Both Toynbee Hall and Oxford House embraced a two-fold agenda.
This included a systematic effort to elevate the urban poor and
to redress social problems in surrounding neighbourhoods, and a
more introspective program that was concerned with the
improvement or advancement of the ‘settlers’ themselves.
While mainstream historiography on these settlements has focused
primarily on their attempts to study, transform and ‘improve’

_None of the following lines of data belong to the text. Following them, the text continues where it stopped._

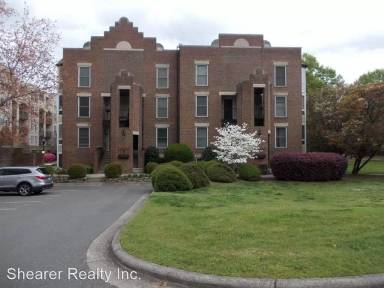 Main picture of 328 W 6th St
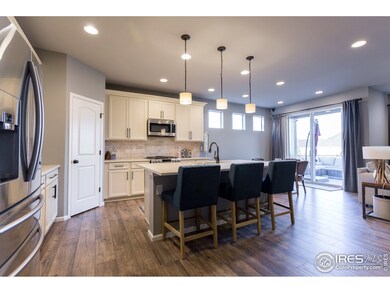 Bright, Open Eat-in Kitchen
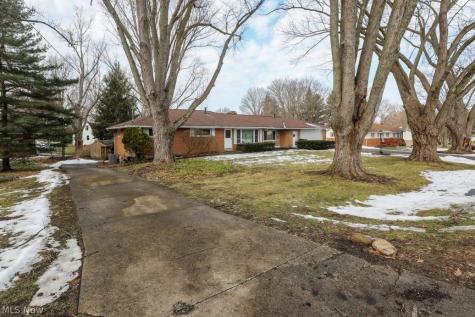 6361 Marchinn Drive Ravenna OH 44266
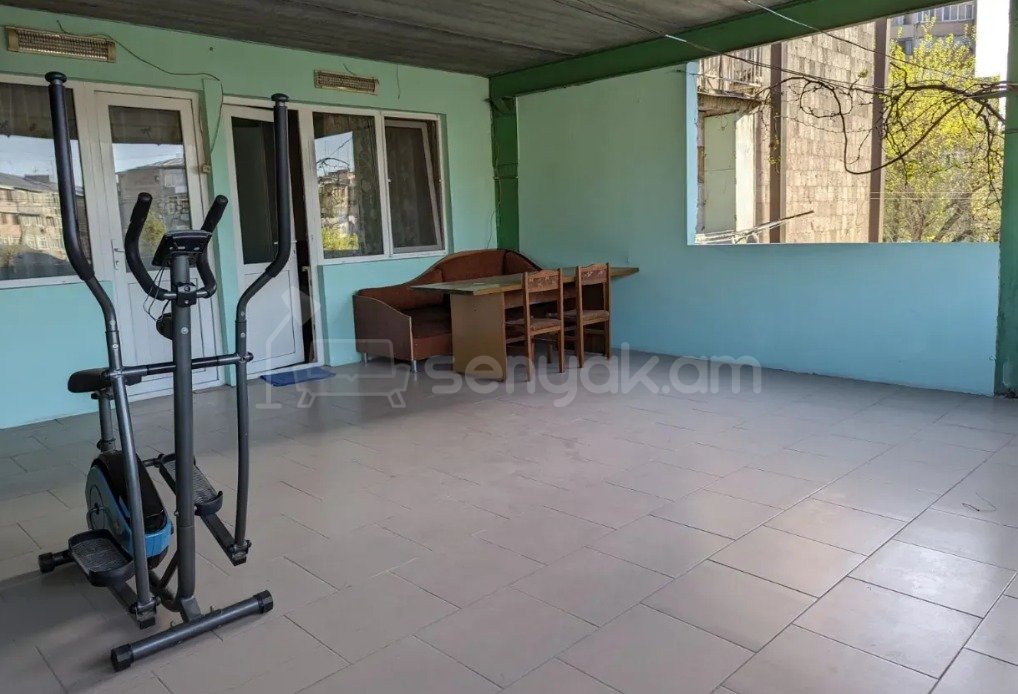 3 Սենյականոց Բնակարան Քարե Շենքում, 112քմ, 3/5 հարկ, Կապիտալ Վերանորոգված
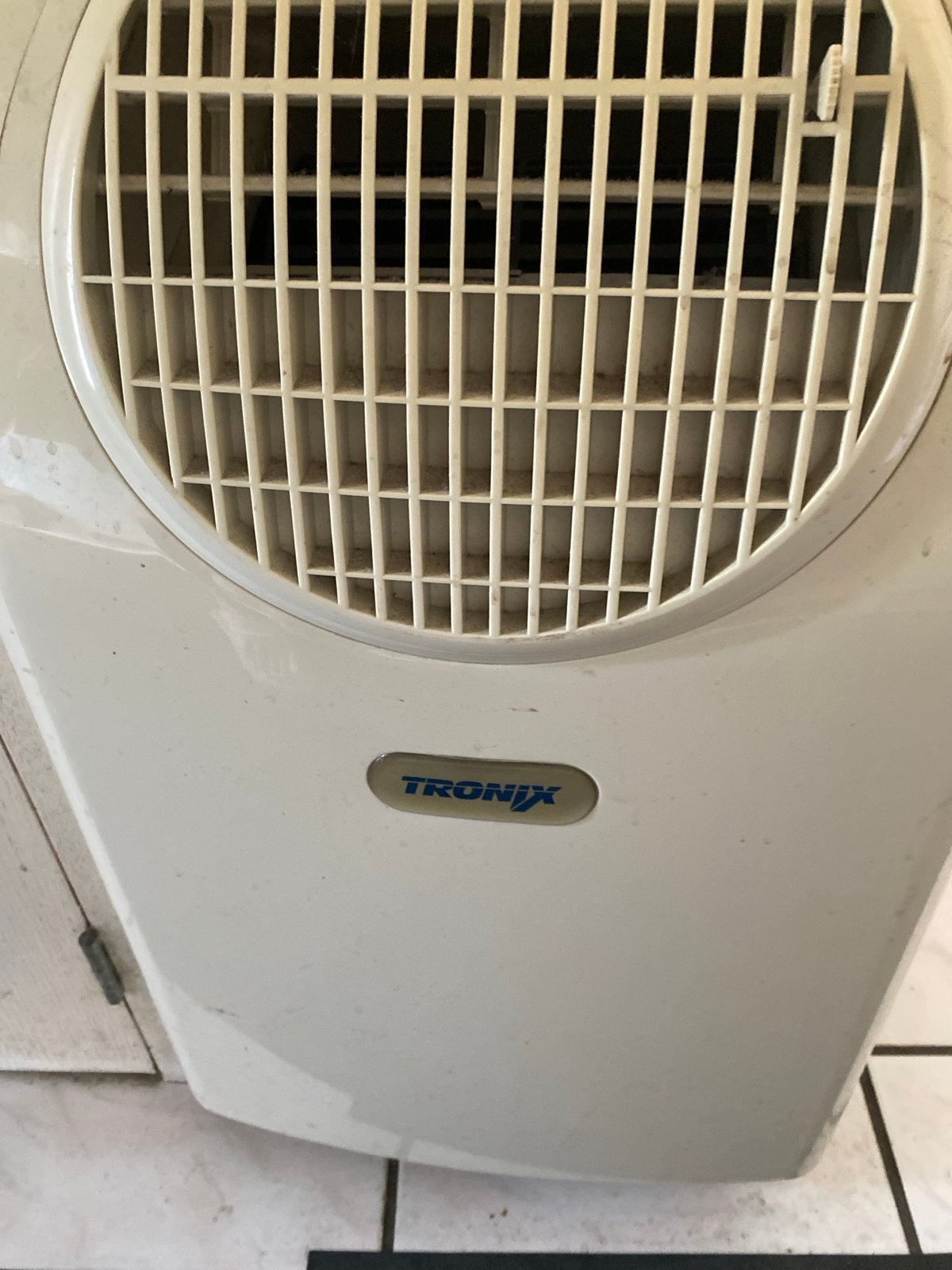 Mobiele airco - Koelt uitstekend!, Gebruikt, Minder dan 60 m³, 3 snelheden of meer, Ophalen of Verzenden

East End communities, this study shifts attention away from the
campaign aimed directly at the poor in order to explore the
‘making’ of the social reformer as it occurred within these
institutions.
This component of the settlements’ mission was widely
recognised during the era of their creation. Popular
representations of Toynbee Hall and Oxford House as
‘settlements’, ‘colonies’ or ‘labour refuges’ for
gentlemen drew upon reformist discourses and practices that were
typically directed at the urban poor and colonial subjects during
this period. The labour colony was advocated in philanthropic
circles as a training centre where the unemployed could reside
and receive practical education and moral guidance before finding
work in Britain or abroad. Drawing upon the image of a labour
colony, this thesis argues that Toynbee Hall and Oxford House
settlers became the subjects of a parallel educational and
vocational project, though the nature of that project varied
between the settlements in ways that reflected differences
between the ethos of each institution. The chapters that follow
consider the settlements as sites for the cultivation, training
and networking of gentlemen.
This thesis, unlike much of the historiography upon this topic,
does not cast Toynbee Hall and Oxford House men primarily as
agents of reform. It treats them as the targets of a settlement
program. The task of producing social reformers may appear at
first glance to be an auxiliary aspect of the settlement houses,
but it was inextricably linked both to the goal of redressing
problems in the East End and to a wider project designed to form
a new generation of leaders and bureaucrats for Britain and its
empire.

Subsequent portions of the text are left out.